Basic structure

ICE-GB contains 500 texts of approximately 2,000 words each. Many of these texts are composite, that is, they consist of two or more different samples of the same type which have been combined to make up a 2,000-word 'text'. In the category of business letters, for instance, a total of 198 individual letters have been included. We refer to these individual samples as 'subtexts'.

The table below provides a summary of the composition of the ICE-GB corpus.

Table 1. ICE-GB Summary statistics.

 

spoken

written

total

Number of words

637,562

423,702

1,061,264

Number of 2,000-word texts

300

200

500

Number of individual samples

447

554

1,001

Average number of words per text

2,125

2,118

2,122

Average number of words per sample

1,426

764

1,060

Number of syntactic trees

59,460

23,934

83,394

Average number of trees per text

198

119

166

Average number of trees per sample

133

43

83

ICE-GB was designed primarily as a resource for syntactic studies. Every text unit ('sentence') in ICE-GB has been syntactically parsed at function and category level, and each unit is presented in the form of a syntactic tree. ICE-GB contains 83,394 parse trees, including 59,640 in the spoken part of the corpus. The trees in the corpus represent an invaluable resource for studies of the syntax of contemporary British English.

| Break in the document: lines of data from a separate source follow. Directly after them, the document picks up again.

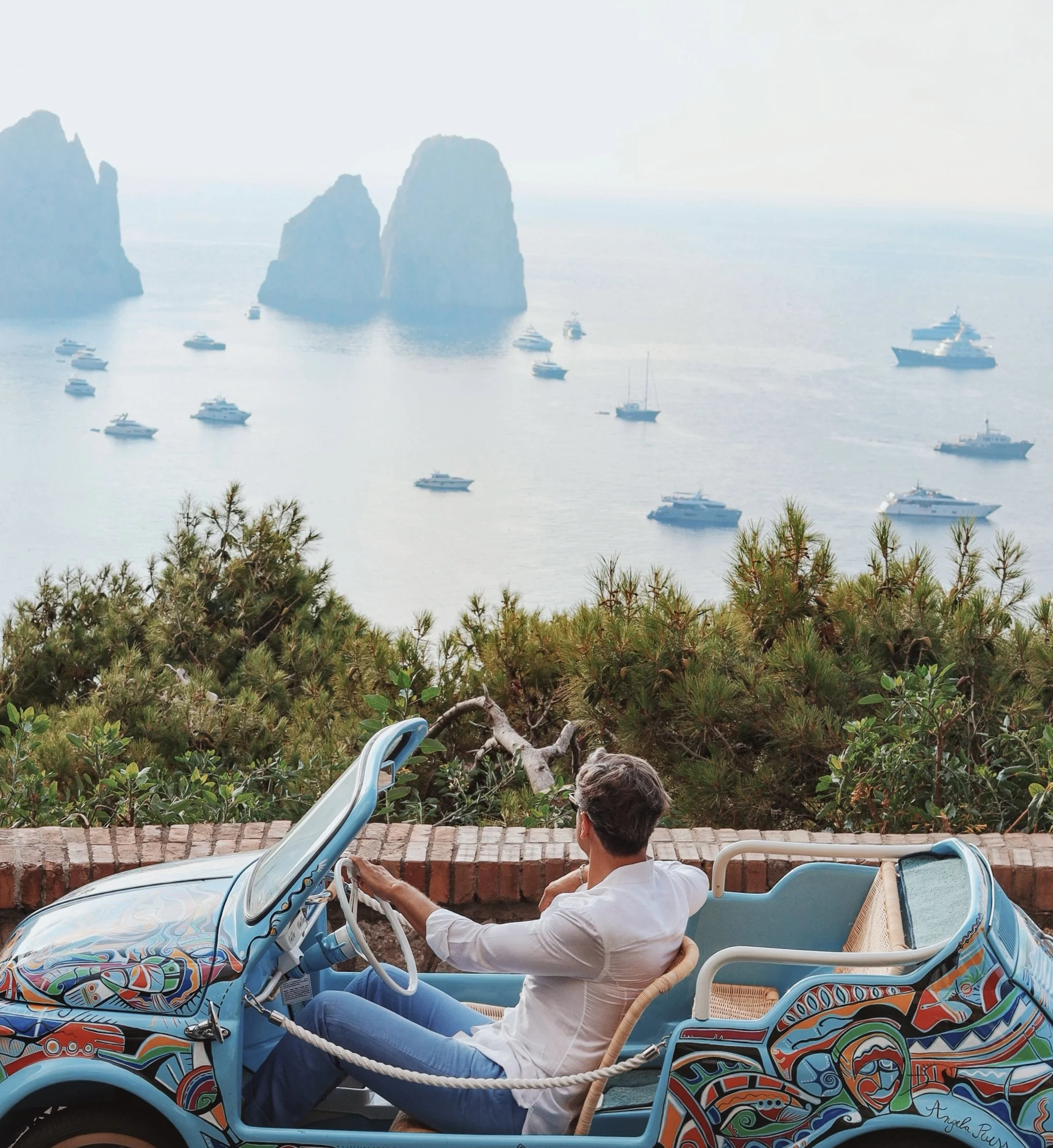 marini dolce vita car mararo mare capri.jpg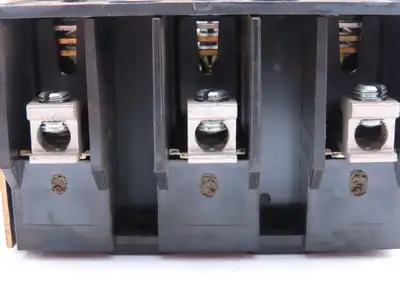Furnas D46120-001 Fusible Disconnect Switch 30A 600VAC 3Ph 3 Pole Fused Lot of 3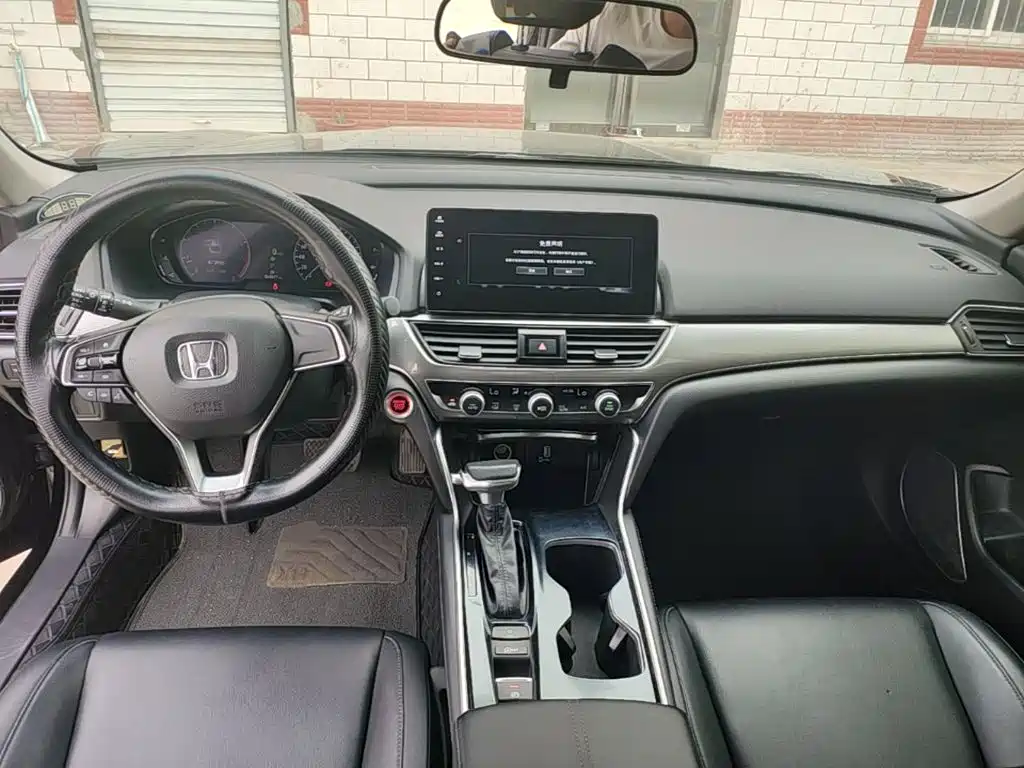 Honda Accord 2022 — фото 10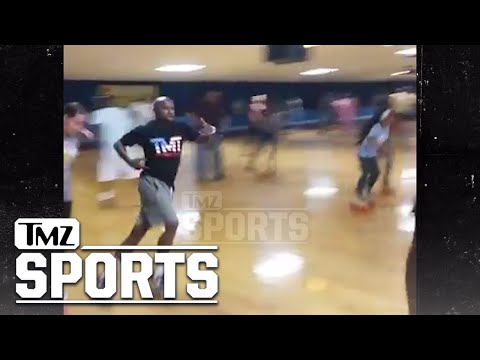 Floyd Mayweather Is One Heck Of A Roller Skater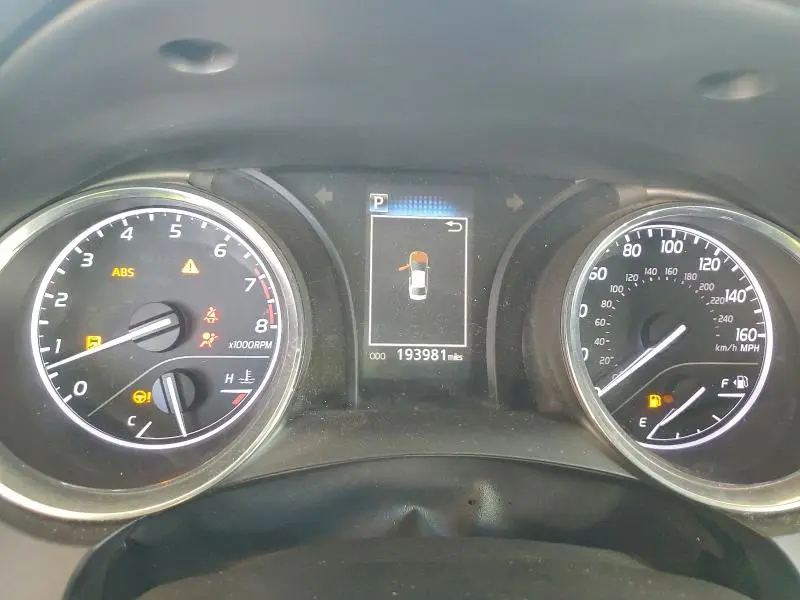 2020 TOYOTA CAMRY LE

Table 2. ICE Corpus Design.

Spoken Texts (300)

Dialogues (180) Private (100) face-to-face conversations (90)
phonecalls (10)
Public (80) classroom lessons (20)
broadcast discussions (20)
broadcast interviews (10)
parliamentary debates (10)
legal cross-examinations (10)
business transactions (10)
Monologues (100)  Unscripted (70) spontaneous commentaries (20)
unscripted speeches (30)
demonstrations (10)
legal presentations (10)
Scripted (30) broadcast talks (20)
non-broadcast speeches (10)
Mixed (20)  broadcast news (20)

Written Texts (200)

Non-printed (50) Non-professional writing (20) untimed student essays (10)
student examination scripts (10)
Correspondence (30) social letters (15)
business letters (15)
Printed (150) Academic writing (40) humanities (10)
social sciences (10)
natural sciences (10)
technology (10)
Non-academic writing (40) humanities (10)
social sciences (10)
natural sciences (10)
technology (10)
Reportage (20) press news reports (20)
Instructional writing (20) administrative/regulatory (10)
skills/hobbies (10)
Persuasive writing (10) press editorials (10)
Creative writing (20) novels/stories (20)

The texts in ICE-GB date from 1990 to 1993 inclusive. This means that the printed texts were originally published, and the spoken texts originally recorded, during this period. The corpus does not include reprints, second or later editions, or transcripts of repeat broadcasts. For handwritten material, such as letters and essays, these dates refer to the date of composition.

All authors and speakers are British. This means that they were born in Great Britain, that is, England, Scotland, or Wales. In a small number of cases, we have relaxed this criterion to include those who were born elsewhere, but moved to Britain at an early age.